An independent review team will carry out their first inspection of Noble’s Hospital on November 26 - and their findings will be made public.
It will be one of three pre-announced one-day visits a year carried out by a dozen-strong review team over the next three years.
Health Minister David Anderson announced in July that the West Midlands Quality Review Service had been commissioned to carried out an independent external inspection of all of the island’s health services, beginning with critical care at Noble’s Hospital.
Concerns over patient safety at Noble’s were raised by consultants in October last year and this summer backbench MHKs have called from the Minister to step down as they had no confidence in the Department of Health’s management.
But WMQRS director Jane Eminson, on a informal visit to make arrangements for the inspections, said politics would play no role in this review.
She said: ‘This is an independent review, providing an external assessment of the health services here.
‘Over three years, we will carry out three review visits a year, each visit reviewing a number of linked pathways of care. The first one on November 26 will look at critical care services. The rest have yet to be decided.
‘My understanding is that the Department of Health is committed to making our reports public. We will send our reports to the department to put in the public domain and then put it on our own website.’
She said each visit would take just one day in order to minimise the impact on the clinicians. ‘So long as we plan it properly, we can review a service in a day,’ she insisted.
She said there would be a multi-disiplinary team 10 to 12 strong, made up of clinicians relevant to the area of service being reviewed.
Reviewers will talk to staff and patients.

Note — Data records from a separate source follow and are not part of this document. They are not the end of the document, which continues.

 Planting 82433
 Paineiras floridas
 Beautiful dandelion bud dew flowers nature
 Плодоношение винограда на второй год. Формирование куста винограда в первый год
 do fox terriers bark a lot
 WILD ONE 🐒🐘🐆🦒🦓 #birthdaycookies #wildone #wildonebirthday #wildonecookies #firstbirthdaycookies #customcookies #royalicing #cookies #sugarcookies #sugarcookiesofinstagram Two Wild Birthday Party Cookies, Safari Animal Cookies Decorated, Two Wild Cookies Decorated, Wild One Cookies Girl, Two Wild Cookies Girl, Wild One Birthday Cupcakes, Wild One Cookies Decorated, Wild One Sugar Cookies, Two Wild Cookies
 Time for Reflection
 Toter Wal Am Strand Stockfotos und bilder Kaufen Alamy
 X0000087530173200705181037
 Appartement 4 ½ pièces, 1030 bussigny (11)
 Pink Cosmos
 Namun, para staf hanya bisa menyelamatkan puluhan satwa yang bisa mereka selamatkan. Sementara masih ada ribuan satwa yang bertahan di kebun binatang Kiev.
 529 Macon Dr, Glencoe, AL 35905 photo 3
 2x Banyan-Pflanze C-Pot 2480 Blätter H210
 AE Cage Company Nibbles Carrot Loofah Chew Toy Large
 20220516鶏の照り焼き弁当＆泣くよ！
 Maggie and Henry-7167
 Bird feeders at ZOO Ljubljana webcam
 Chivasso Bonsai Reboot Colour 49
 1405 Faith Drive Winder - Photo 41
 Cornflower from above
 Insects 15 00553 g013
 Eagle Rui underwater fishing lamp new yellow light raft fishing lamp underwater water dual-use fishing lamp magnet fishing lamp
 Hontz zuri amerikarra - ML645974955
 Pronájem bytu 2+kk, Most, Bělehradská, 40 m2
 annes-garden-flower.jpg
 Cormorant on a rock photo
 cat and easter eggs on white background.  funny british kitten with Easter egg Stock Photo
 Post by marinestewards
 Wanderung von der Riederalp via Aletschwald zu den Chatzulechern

Ms Eminson said: ’We are planning the best way to get patients’ views into this programmes. It may be different for different reviews – you can’t interview patients in clinical care for example.’
She confirmed that all the visits could be announced.
‘Some people think unannounced visits are very important. What you see on a visit is what people think is good. The Care Quality Commission used to do unannounced visits but they are moving away from that.
‘But reviewers work in the same areas. They know what to look for, they know if they are being hoodwinked.’
The WMQRS, which is based at Sandwell Hospital in West Bromwich, was set up in 2009 as a collaborative venture by NHS organisations in the West Midlands to improve the quality of health services by undertaking reviews of clinical services.
It carried out more than 200 reviews in 2012/13. The island is not the first non-UK health service to be reviewed, the WMQRS having previously carried out a similar exercise in Guernsey.
The review aims to provide an assessment to the Manx public, politicians and the Manx NHS itself of the quality of care provided to patients.
It will identify areas where services are in need of improvement, particularly if there is an unacceptable risk to patient and/or staff safety and it will also comment on the sustainability, or otherwise, of services currently provided in the Isle of Man.